## What you will do
Using the listing below, copy exactly the lines from the one containing "Uak'ta yeil reeteye" to the one containing "Sorte høye sneakers", both lines included, and no others.
◇ ◇ ◇ ◇
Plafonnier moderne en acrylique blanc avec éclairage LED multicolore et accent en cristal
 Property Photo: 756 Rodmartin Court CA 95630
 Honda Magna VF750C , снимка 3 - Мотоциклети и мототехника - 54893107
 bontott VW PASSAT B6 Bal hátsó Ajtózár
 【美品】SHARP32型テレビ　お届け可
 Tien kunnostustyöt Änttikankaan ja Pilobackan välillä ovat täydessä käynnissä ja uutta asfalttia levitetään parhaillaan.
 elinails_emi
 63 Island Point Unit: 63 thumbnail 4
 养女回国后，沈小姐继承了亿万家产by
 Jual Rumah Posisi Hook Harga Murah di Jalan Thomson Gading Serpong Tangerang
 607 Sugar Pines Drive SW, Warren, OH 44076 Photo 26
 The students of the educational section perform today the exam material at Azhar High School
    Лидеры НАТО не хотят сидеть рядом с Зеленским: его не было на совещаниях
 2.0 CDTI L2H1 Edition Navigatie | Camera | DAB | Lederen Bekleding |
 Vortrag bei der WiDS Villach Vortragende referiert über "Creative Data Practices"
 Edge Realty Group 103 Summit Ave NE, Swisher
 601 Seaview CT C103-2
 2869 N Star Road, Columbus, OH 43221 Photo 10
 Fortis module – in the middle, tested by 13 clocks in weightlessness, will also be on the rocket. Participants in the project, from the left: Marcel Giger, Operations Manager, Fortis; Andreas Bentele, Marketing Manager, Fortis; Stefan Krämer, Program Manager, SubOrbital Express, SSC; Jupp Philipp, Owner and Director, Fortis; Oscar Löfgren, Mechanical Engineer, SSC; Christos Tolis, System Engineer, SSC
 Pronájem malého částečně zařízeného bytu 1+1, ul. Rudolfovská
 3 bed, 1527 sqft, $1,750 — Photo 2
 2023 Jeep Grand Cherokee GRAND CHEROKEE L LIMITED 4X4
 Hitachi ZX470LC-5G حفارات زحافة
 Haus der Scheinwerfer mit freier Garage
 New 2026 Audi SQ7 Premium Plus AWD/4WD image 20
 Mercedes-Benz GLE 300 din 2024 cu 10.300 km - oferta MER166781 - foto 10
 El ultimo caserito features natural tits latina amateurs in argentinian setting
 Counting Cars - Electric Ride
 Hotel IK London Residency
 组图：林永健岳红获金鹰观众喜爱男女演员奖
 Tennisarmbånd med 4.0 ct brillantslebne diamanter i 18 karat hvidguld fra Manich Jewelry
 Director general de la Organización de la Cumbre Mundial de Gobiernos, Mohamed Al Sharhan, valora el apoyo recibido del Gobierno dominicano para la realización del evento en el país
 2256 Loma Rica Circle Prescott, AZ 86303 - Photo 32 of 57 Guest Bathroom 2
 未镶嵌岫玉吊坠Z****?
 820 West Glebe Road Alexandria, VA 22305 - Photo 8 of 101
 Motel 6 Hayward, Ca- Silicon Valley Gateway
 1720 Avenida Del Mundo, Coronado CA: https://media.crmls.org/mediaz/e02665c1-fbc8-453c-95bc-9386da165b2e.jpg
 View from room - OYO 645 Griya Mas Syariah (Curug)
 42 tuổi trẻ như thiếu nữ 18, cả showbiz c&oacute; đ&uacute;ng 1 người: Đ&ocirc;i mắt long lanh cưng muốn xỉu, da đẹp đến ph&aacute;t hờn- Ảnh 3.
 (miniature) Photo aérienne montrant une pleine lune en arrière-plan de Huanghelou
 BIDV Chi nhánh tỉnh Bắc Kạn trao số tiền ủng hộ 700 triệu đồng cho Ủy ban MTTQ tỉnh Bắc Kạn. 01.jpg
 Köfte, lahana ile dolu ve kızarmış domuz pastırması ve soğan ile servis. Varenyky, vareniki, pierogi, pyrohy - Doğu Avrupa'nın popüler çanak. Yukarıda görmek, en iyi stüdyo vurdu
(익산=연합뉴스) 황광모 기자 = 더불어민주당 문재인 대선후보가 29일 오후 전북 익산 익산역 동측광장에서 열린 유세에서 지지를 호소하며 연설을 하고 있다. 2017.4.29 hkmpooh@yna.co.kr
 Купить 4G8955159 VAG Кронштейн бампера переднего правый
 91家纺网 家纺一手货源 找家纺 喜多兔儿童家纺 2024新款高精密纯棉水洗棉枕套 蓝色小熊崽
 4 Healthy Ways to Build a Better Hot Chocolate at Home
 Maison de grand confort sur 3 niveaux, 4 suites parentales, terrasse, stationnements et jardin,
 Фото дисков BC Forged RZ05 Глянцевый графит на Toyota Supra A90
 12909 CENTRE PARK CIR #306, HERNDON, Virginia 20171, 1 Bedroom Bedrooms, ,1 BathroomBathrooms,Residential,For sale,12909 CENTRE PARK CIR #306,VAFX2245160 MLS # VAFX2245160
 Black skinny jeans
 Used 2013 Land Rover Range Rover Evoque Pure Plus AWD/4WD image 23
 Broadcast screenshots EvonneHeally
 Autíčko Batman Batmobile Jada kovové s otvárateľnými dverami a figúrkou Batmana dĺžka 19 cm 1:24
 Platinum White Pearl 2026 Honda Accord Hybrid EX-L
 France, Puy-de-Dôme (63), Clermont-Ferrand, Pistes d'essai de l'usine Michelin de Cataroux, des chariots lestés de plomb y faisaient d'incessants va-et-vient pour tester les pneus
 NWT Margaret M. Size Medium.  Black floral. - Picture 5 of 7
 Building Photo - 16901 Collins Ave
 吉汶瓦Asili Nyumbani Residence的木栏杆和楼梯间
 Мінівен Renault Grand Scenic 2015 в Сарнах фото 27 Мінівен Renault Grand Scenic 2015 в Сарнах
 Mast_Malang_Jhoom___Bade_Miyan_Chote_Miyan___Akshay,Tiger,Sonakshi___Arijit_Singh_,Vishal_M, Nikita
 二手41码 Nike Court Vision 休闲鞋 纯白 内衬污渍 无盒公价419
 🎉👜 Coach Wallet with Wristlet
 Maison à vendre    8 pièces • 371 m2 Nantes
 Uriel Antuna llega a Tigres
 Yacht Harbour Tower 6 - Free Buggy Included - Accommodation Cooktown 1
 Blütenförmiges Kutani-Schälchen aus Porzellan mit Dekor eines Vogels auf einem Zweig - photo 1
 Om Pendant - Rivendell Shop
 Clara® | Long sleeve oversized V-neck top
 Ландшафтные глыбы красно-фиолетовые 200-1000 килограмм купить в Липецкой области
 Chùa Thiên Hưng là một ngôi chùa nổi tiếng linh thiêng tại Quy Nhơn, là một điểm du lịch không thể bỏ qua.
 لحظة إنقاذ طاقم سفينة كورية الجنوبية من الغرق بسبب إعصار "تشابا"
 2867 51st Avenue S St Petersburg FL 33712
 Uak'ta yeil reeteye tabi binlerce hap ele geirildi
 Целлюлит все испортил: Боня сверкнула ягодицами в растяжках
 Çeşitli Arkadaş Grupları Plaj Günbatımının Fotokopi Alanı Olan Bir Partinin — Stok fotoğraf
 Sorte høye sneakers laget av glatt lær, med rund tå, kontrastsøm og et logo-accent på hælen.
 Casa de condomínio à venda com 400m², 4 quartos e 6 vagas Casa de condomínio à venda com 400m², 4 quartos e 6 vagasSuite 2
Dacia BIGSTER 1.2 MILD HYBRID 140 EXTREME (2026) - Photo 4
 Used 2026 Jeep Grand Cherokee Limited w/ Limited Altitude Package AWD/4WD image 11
◇ ◇ ◇ ◇
## Result
 Uak'ta yeil reeteye tabi binlerce hap ele geirildi
 Целлюлит все испортил: Боня сверкнула ягодицами в растяжках
 Çeşitli Arkadaş Grupları Plaj Günbatımının Fotokopi Alanı Olan Bir Partinin — Stok fotoğraf
 Sorte høye sneakers laget av glatt lær, med rund tå, kontrastsøm og et logo-accent på hælen.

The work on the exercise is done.